Records for this task
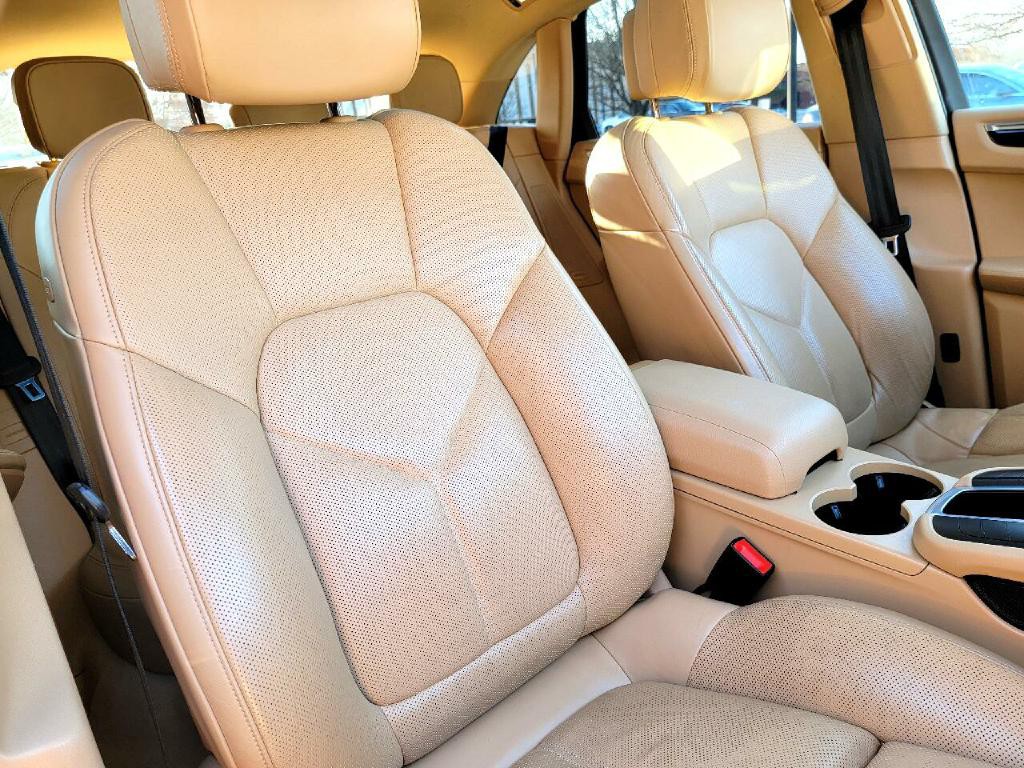 2016 Porsche Macan Image 52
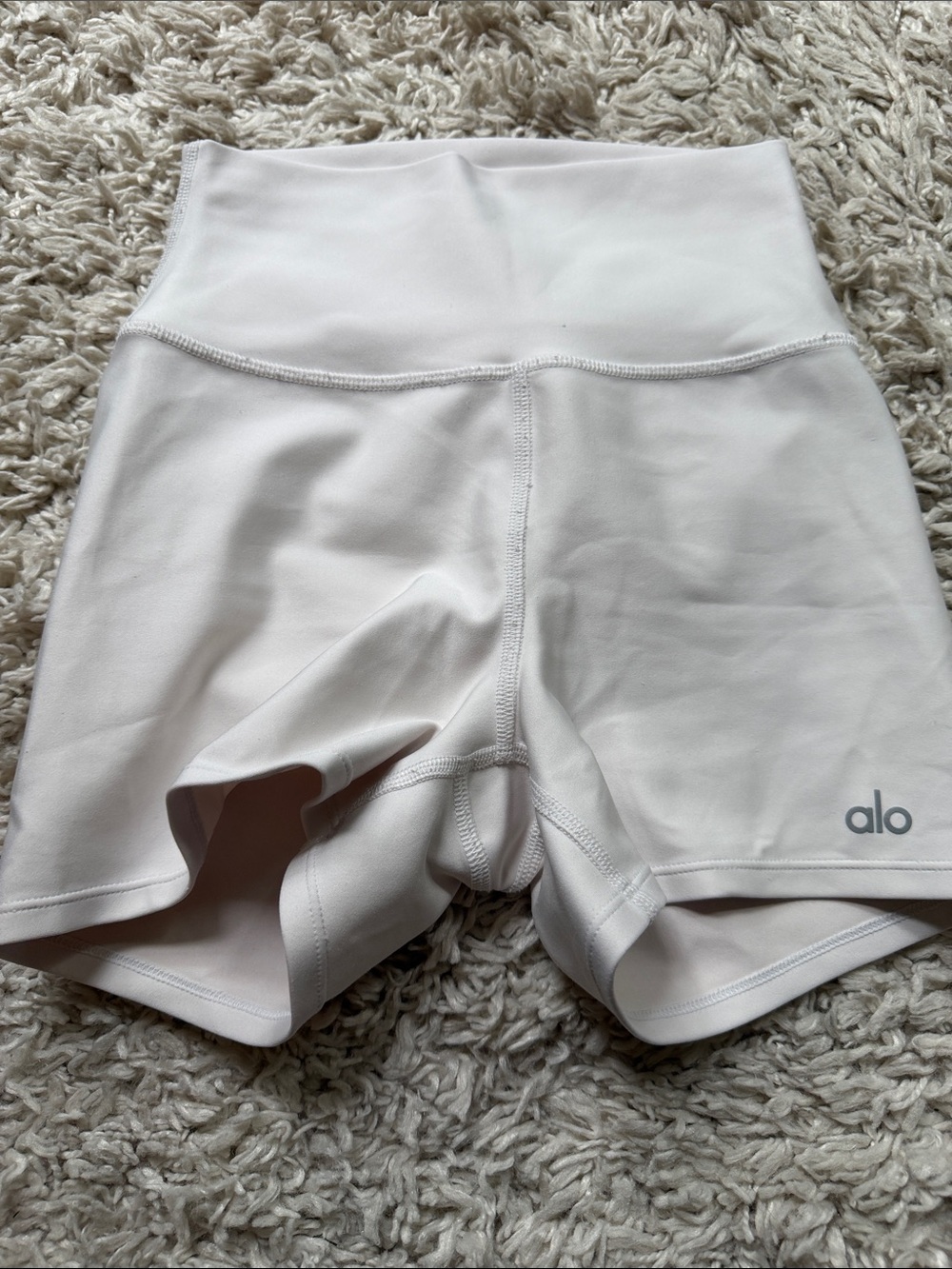 ALO Yoga wht High-Rise Shorts
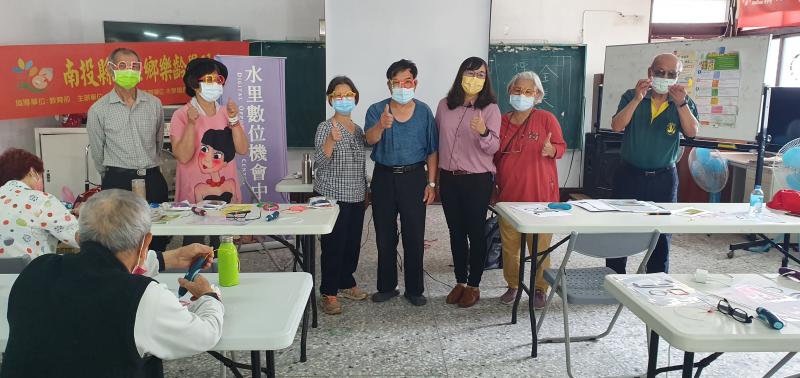 學員們 開心戴起3D列印筆作品_眼鏡與授課老師拍照留念.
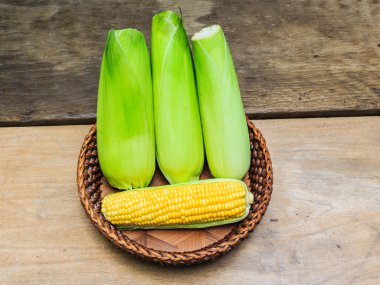 ahşap masa üzerinde taze Mısır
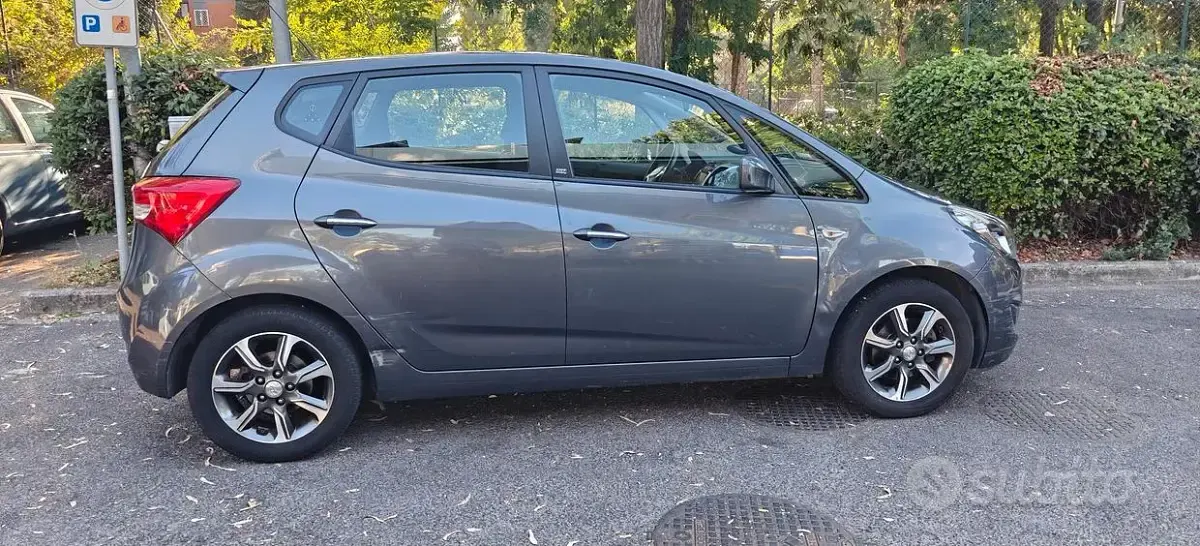 Usata Hyundai i20 90 CV (66 kW) 2018 Grigio Monovolume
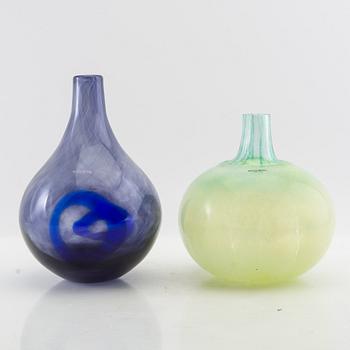 Gunnel Sahlin, vaser 2 st Kosta Boda signerade.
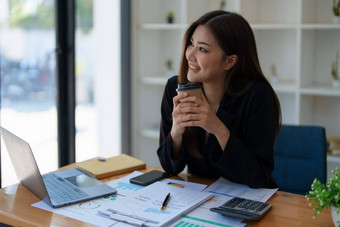 肖像女人业务老板显示快乐微笑脸成功投资业务电脑金融<strong>预算</strong>文档工作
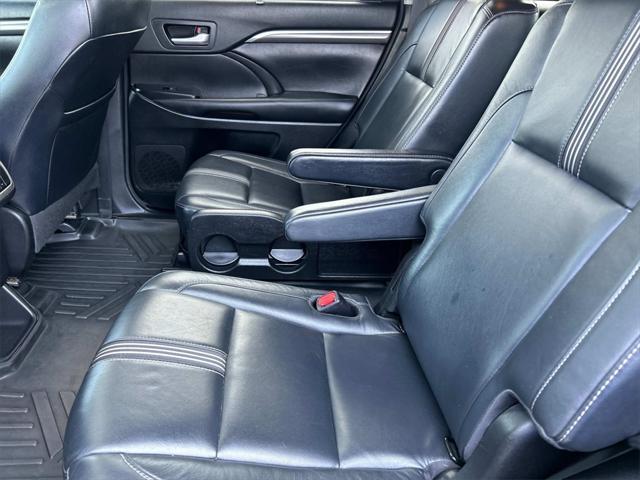 used 2018 Toyota Highlander car, priced at $24,981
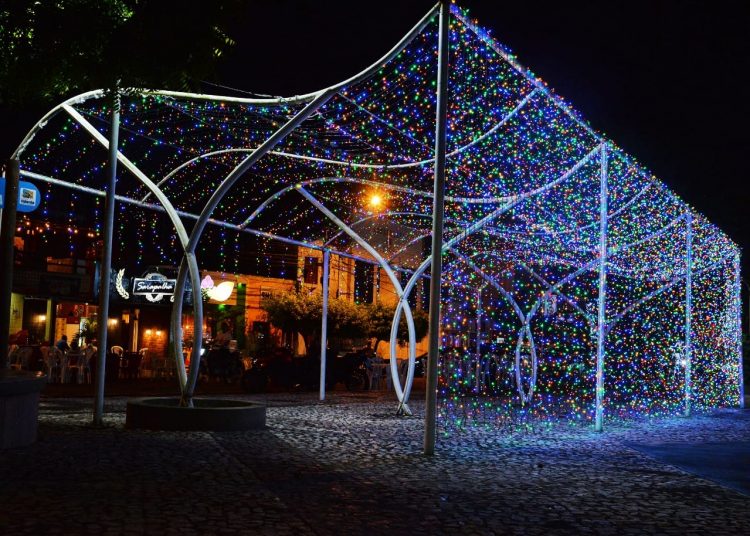 Previsão de chuva faz prefeito adiar lançamento do Natal Encantado, mas as luzes foram acesas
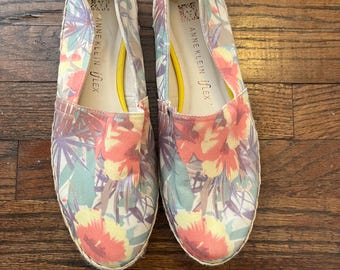 Vintage Anne Klein IFlex Floral Spring Espirilles Size 10 Never Worn- Free Shipping in USA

What you need to do
Exactly the lines from the one that contains "ahşap masa üzerinde taze Mısır" to the last line of the data, both included, should be set down, and no pictures should appear among them.

Your response
 ahşap masa üzerinde taze Mısır
 Usata Hyundai i20 90 CV (66 kW) 2018 Grigio Monovolume
 Gunnel Sahlin, vaser 2 st Kosta Boda signerade.
 肖像女人业务老板显示快乐微笑脸成功投资业务电脑金融<strong>预算</strong>文档工作
 used 2018 Toyota Highlander car, priced at $24,981
 Previsão de chuva faz prefeito adiar lançamento do Natal Encantado, mas as luzes foram acesas
 Vintage Anne Klein IFlex Floral Spring Espirilles Size 10 Never Worn- Free Shipping in USA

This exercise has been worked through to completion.